-- Entries provided follows --

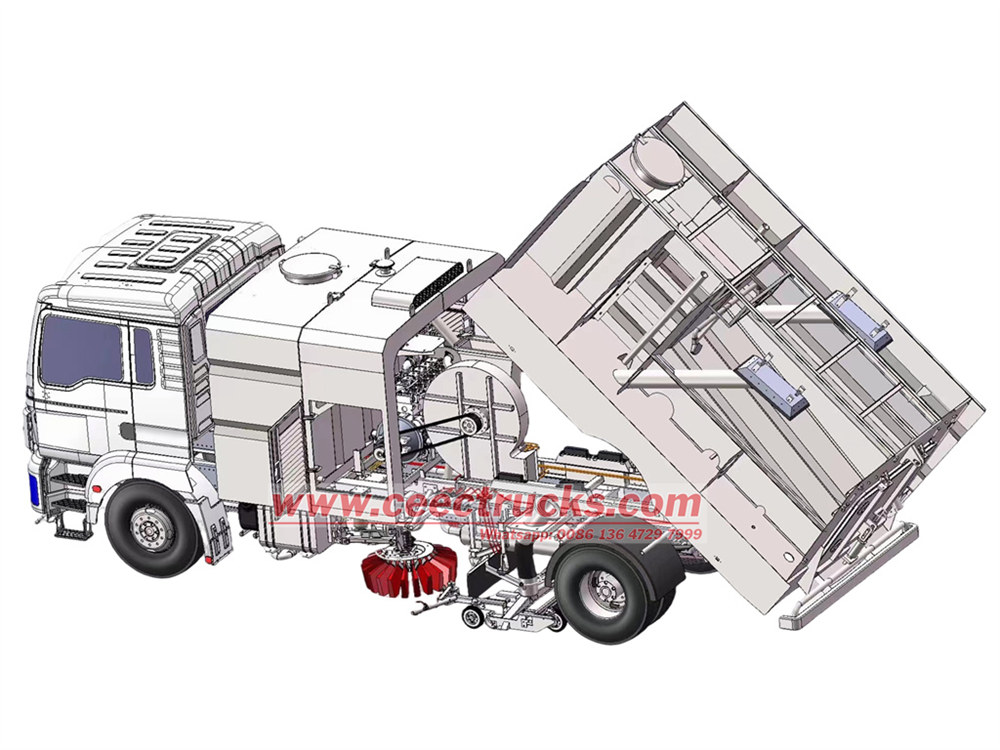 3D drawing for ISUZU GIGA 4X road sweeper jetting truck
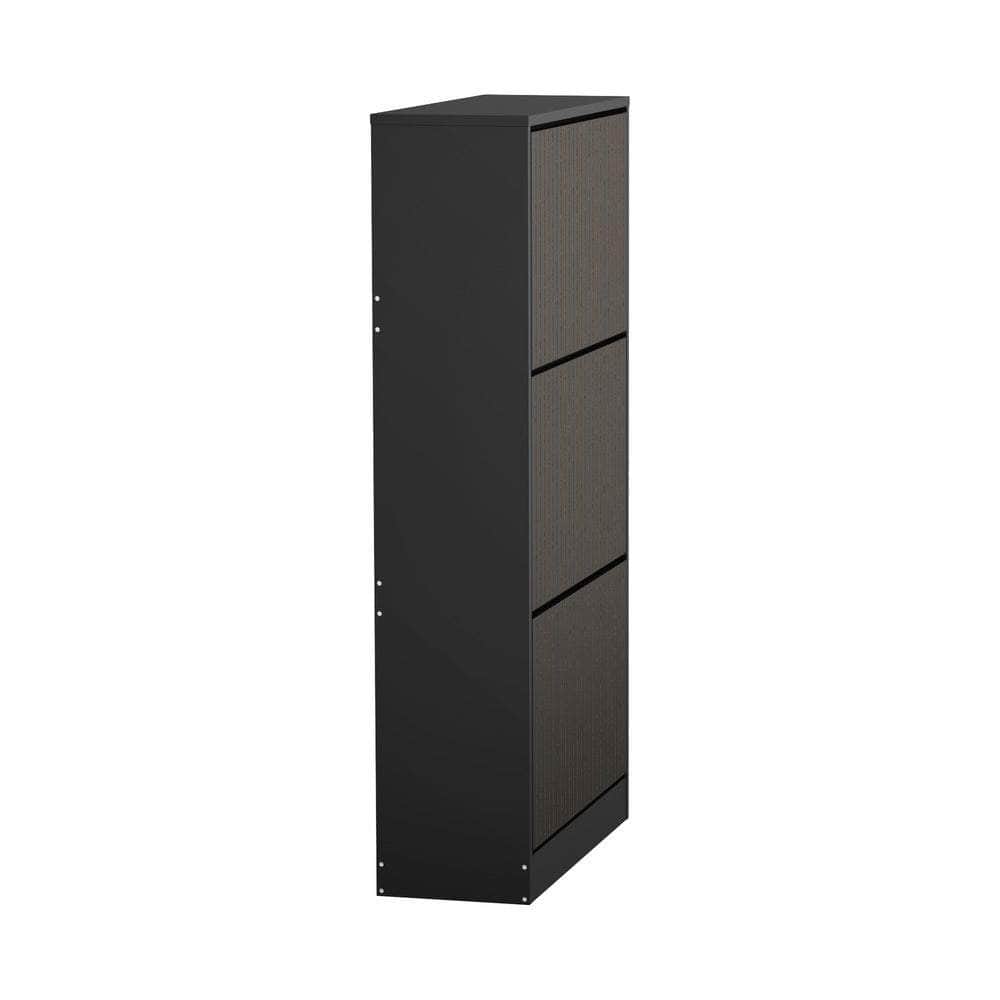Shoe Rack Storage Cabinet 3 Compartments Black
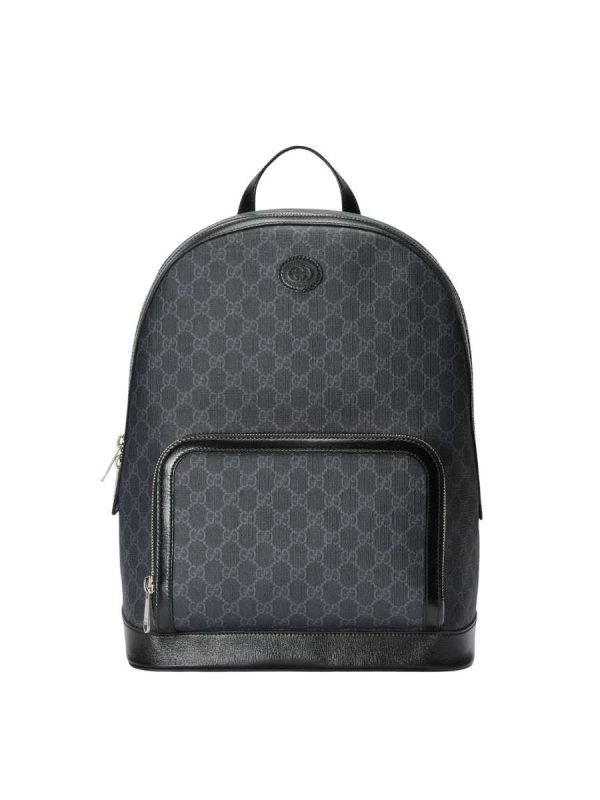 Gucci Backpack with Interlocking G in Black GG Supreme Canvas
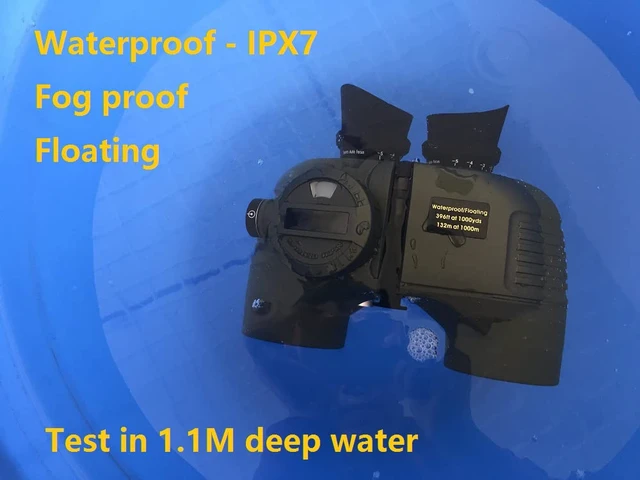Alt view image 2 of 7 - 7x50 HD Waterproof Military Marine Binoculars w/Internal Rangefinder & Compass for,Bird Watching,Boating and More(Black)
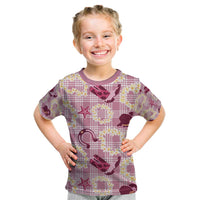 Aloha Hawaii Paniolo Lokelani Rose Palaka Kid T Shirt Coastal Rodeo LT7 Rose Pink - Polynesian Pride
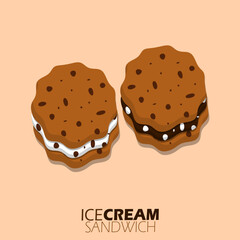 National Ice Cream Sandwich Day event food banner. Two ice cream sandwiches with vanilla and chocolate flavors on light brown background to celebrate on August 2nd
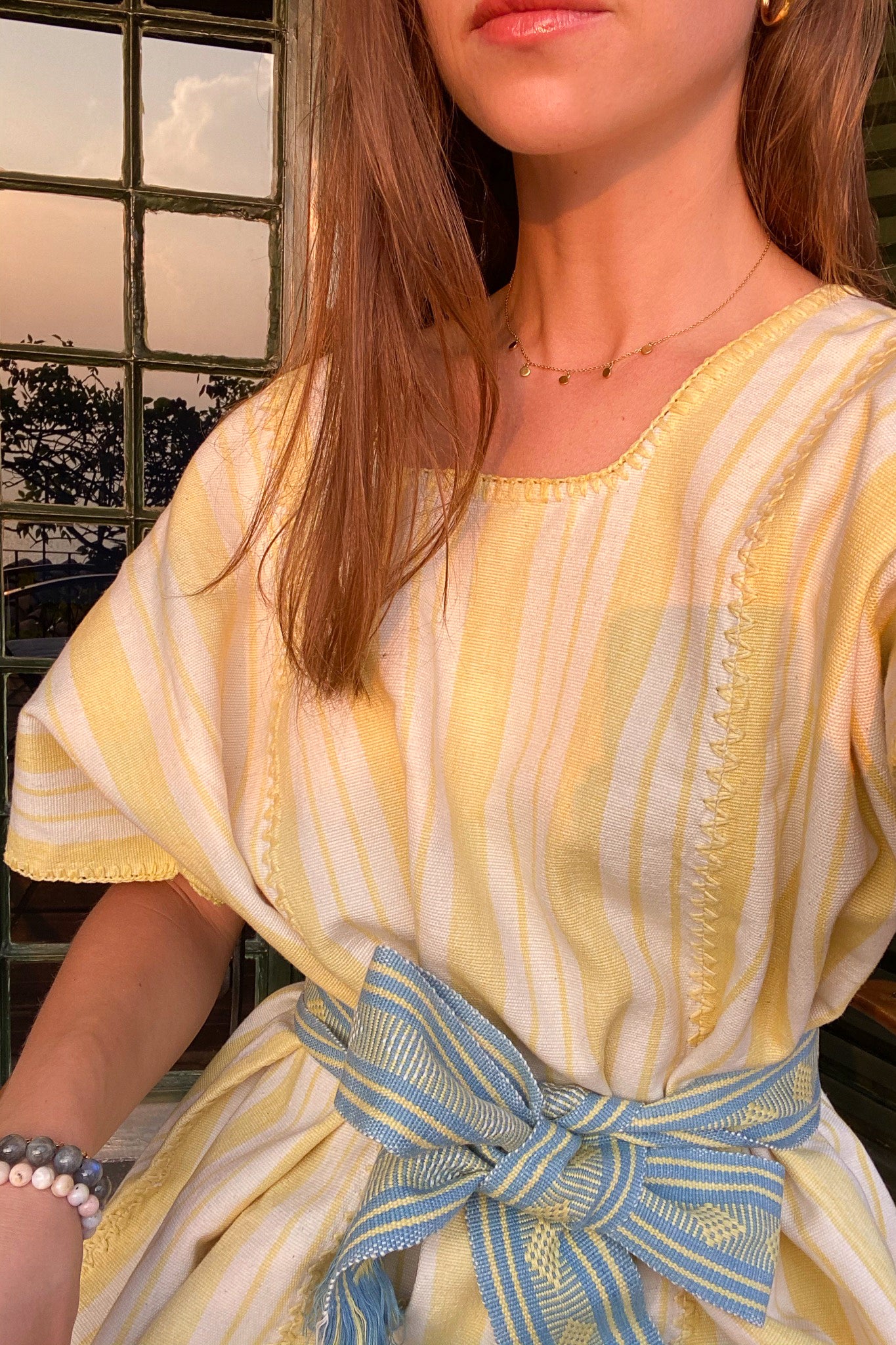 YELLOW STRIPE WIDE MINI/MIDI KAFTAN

-- Entries provided concluded --
-- Entries provided follows --

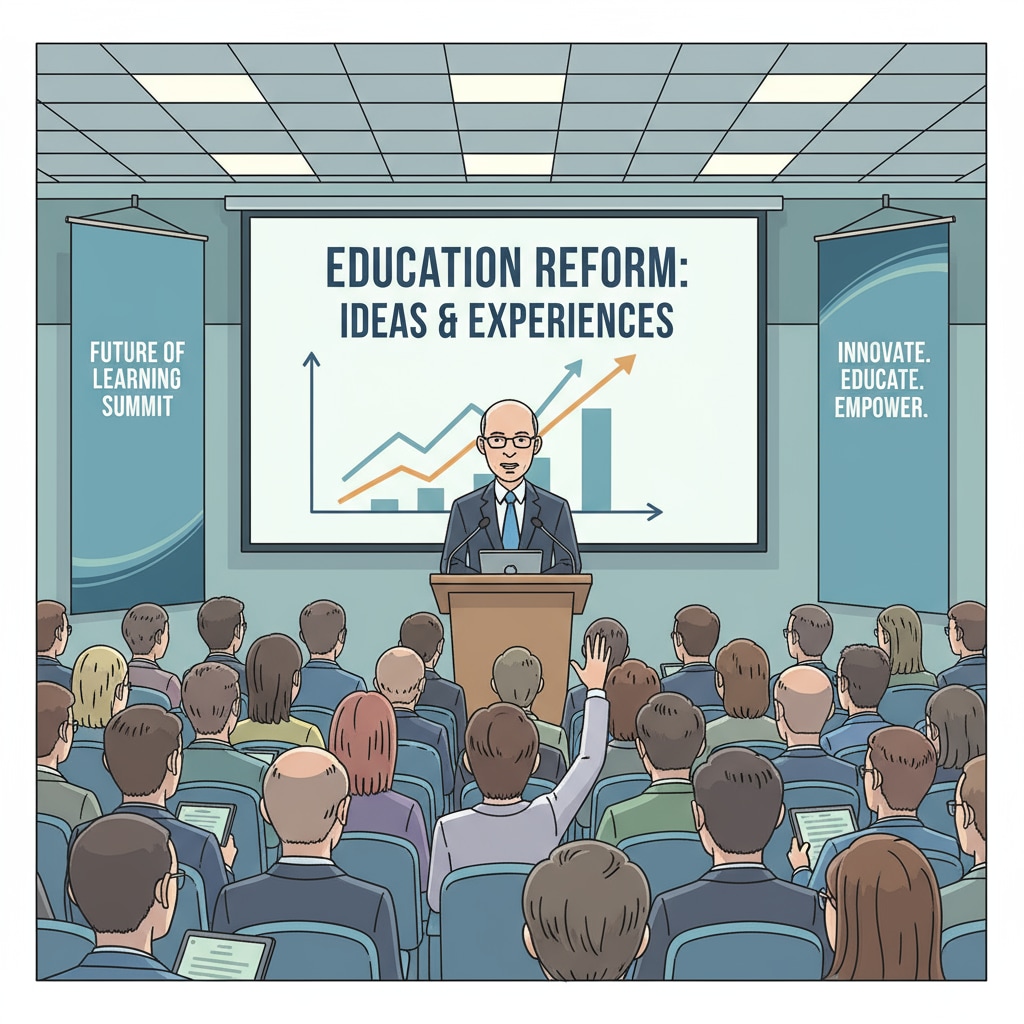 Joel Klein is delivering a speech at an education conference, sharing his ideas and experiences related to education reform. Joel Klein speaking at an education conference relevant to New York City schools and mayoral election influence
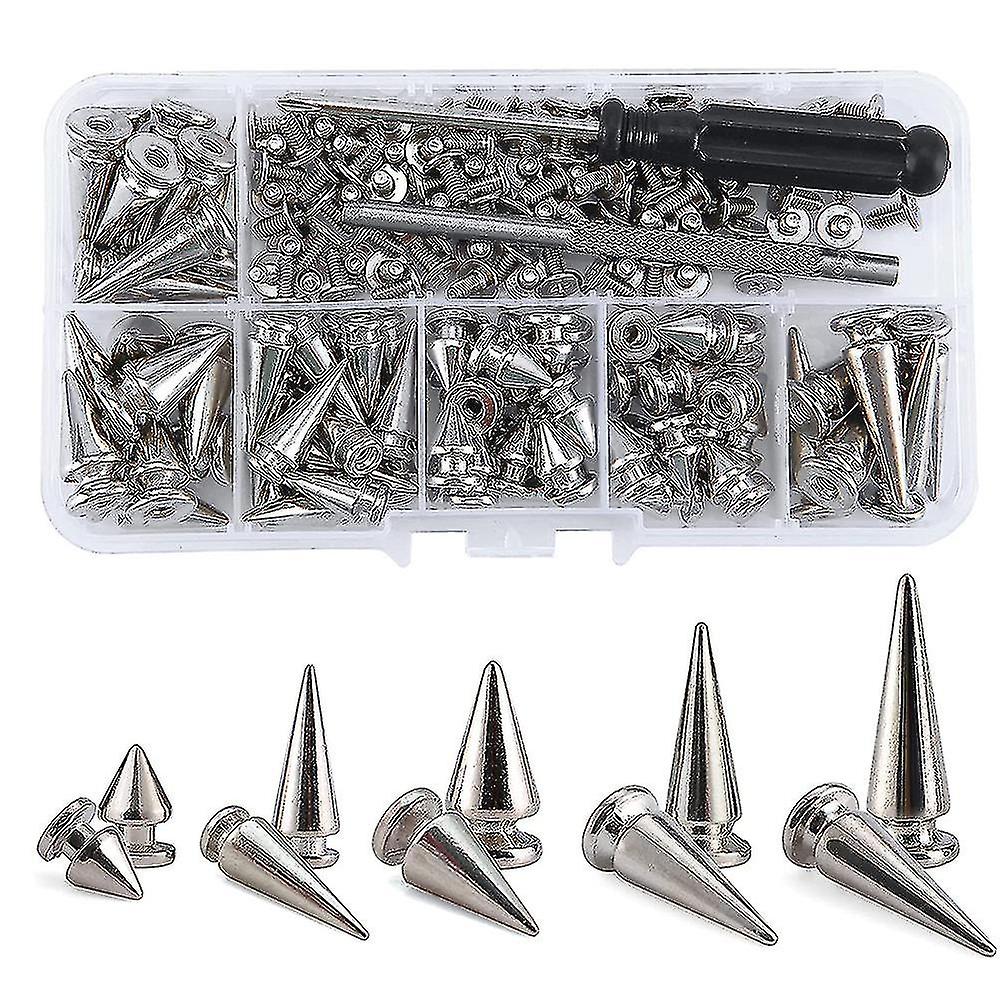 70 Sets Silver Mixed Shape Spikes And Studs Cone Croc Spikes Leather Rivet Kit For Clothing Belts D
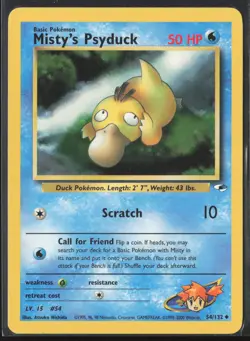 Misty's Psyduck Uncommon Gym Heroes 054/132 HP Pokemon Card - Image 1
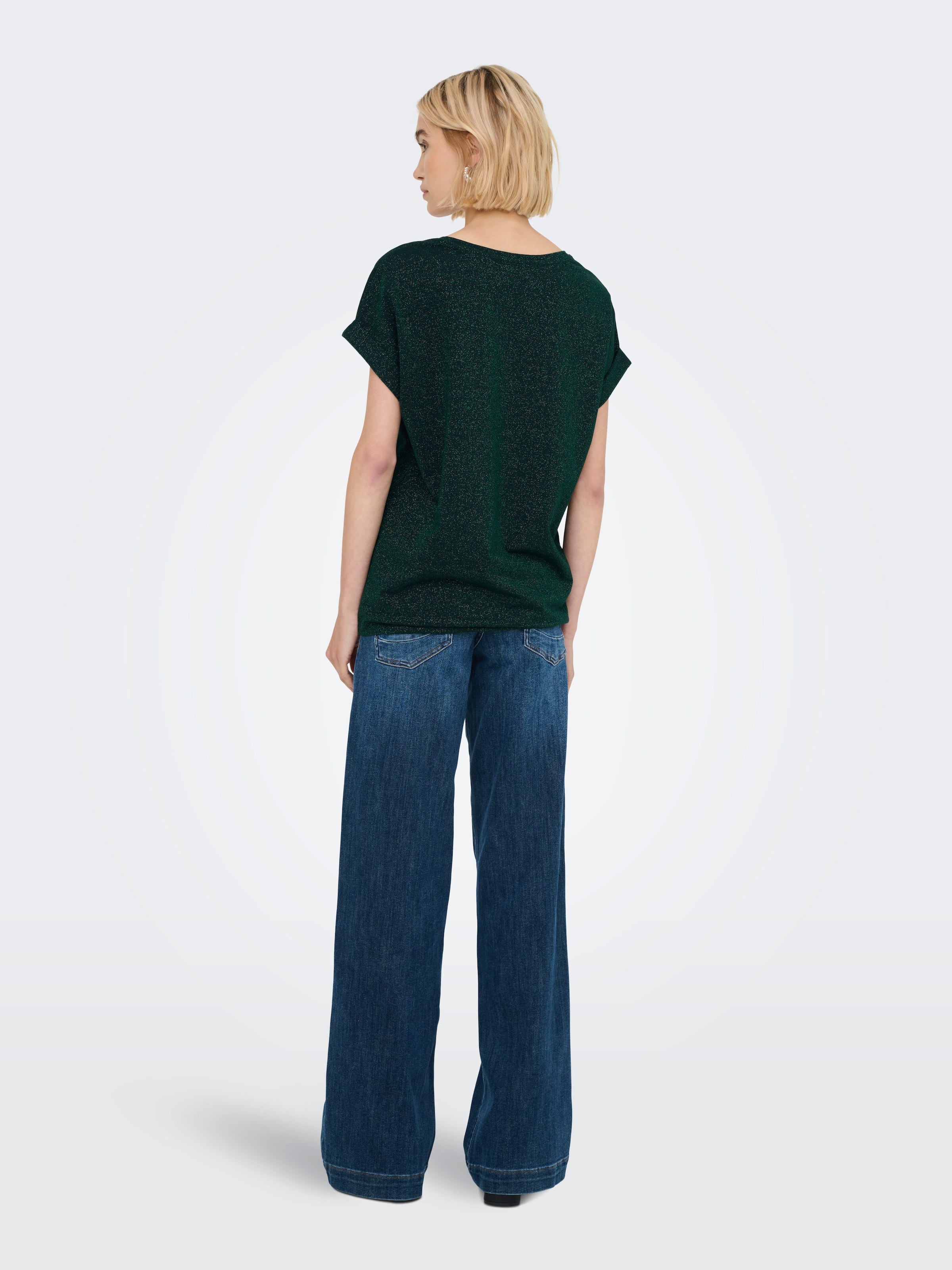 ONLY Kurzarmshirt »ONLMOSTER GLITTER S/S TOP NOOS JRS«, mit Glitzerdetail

-- Entries provided concluded --

Action item » With the pictures removed from your copy, retype the lines above from the one that contains "Aloha Hawaii Paniolo" through the one that contains "YELLOW STRIPE WIDE MINI/MIDI KAFTAN", exactly.

Problem solution »
 Aloha Hawaii Paniolo Lokelani Rose Palaka Kid T Shirt Coastal Rodeo LT7 Rose Pink - Polynesian Pride
 National Ice Cream Sandwich Day event food banner. Two ice cream sandwiches with vanilla and chocolate flavors on light brown background to celebrate on August 2nd
 YELLOW STRIPE WIDE MINI/MIDI KAFTAN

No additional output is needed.